I don't think there is any Siri integration yet but disc golf has an app with some of that functionality in the uDisc app. You can "map" a round and it can track all of your throws. I think you can input disc (club) selection as well? No AirPods integration like that but it does have Apple watch integration I think.

[Blog post announcing the feature](https://udisc.com/blog/post/picture-this-udisc-unveils-map-s...)


Doesn't seem to be anything to do with airpods, and a phone with a hot mic in your pocket should be all you need for this.

An alternative solution would be a smartwatch app which would spare you chanting out on a course.

You might also want to check these: https://www.wareable.com/golf/best-golf-wearables-gps-watche...


Check out Arccos! Requires you to add little sensors to the butt of each club, but it’s seamless as far as tracking goes.


Has anyone actually TRIED using the AirPods in some form programmatically?
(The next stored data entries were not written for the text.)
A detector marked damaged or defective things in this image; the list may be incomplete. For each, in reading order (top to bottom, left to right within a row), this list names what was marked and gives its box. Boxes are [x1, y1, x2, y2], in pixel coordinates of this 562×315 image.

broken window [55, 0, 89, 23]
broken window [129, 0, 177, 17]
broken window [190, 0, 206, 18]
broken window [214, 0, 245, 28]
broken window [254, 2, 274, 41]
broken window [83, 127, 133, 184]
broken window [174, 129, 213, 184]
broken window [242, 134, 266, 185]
It's impossible, you lock down your phone TouchID/FaceID and attempt to do a simple list by voice and "you need to unlock your Phone first" ... there is no trust in the pairing of hardware. I wanted to do a delivery platform based ONLY on the AirPods for all parties (pickup/dropoff/billing) but it's just not possible. I hope it changes in the future to reflect some of what is in this post.


The Apple Watch is a lot better at this. It is considered trusted because it locks as soon as you take it off your arm


Given that airpods already know when they get removed form your ears, I wouldn't be surprised for the next iteration to have a form of "unlocking" once you unlock your phone or watch while connected to the airpods. There's no reason for you to not be able to do tasks as long as you don't remove the airpods.
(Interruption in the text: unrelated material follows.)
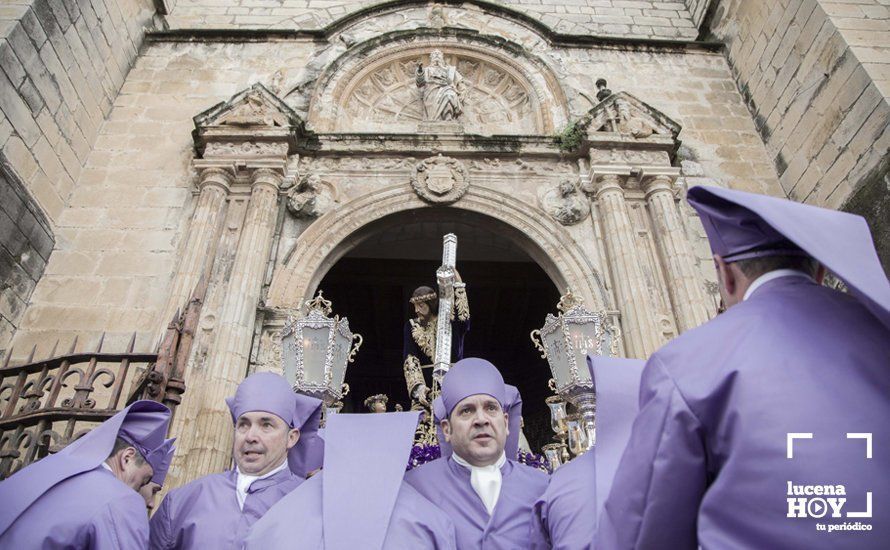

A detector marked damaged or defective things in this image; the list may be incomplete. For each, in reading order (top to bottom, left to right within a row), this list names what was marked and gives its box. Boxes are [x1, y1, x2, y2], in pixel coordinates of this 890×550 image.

broken pediment [193, 83, 306, 157]
broken pediment [576, 90, 680, 142]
The Apple H2 chip - featuring EarID ;-)


Voice fingerprinting (ideally done locally) would also pretty much solve the issue.
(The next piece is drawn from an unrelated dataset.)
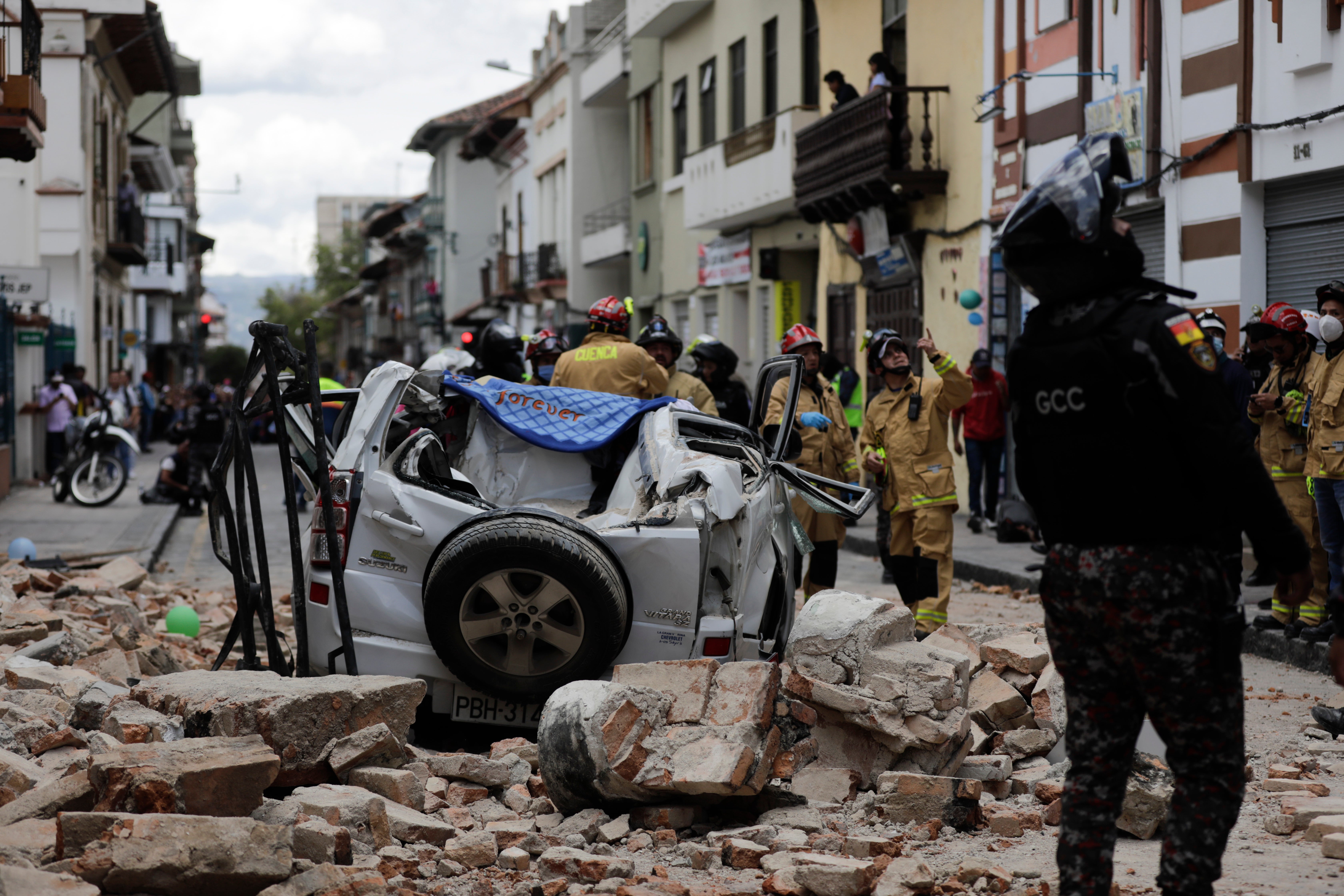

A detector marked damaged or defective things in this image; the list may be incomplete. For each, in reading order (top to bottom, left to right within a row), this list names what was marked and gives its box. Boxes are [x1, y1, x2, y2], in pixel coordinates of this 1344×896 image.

Author's site appears to be slow/unresponsive; cached copy is at http://web.archive.org/web/20210216181726/https://julian.dig...


This starts to touch on one of the reason every "personal assistant" is crap: they're basically just a verbal command line.

Their only real value proposition is basic interactions when the user's hands and/or eyes are busy with something else.

Until they can get smart or fluent enough that they can rival the effectiveness and accuracy of hands-on-screen interaction, the use cases will remain fairly niche.

More programmable, multi-modal interaction is a step in the right direction, but it'll require a lot more.


Pro tip: You can shorten voice commands for Siri, Alexa, et al.

"Hey Siri, what's the weather today?" ==> "Hey Siri, weather"

"Hey Siri, set a timer for 10 minutes" ==> "Hey Siri, 10 minute timer"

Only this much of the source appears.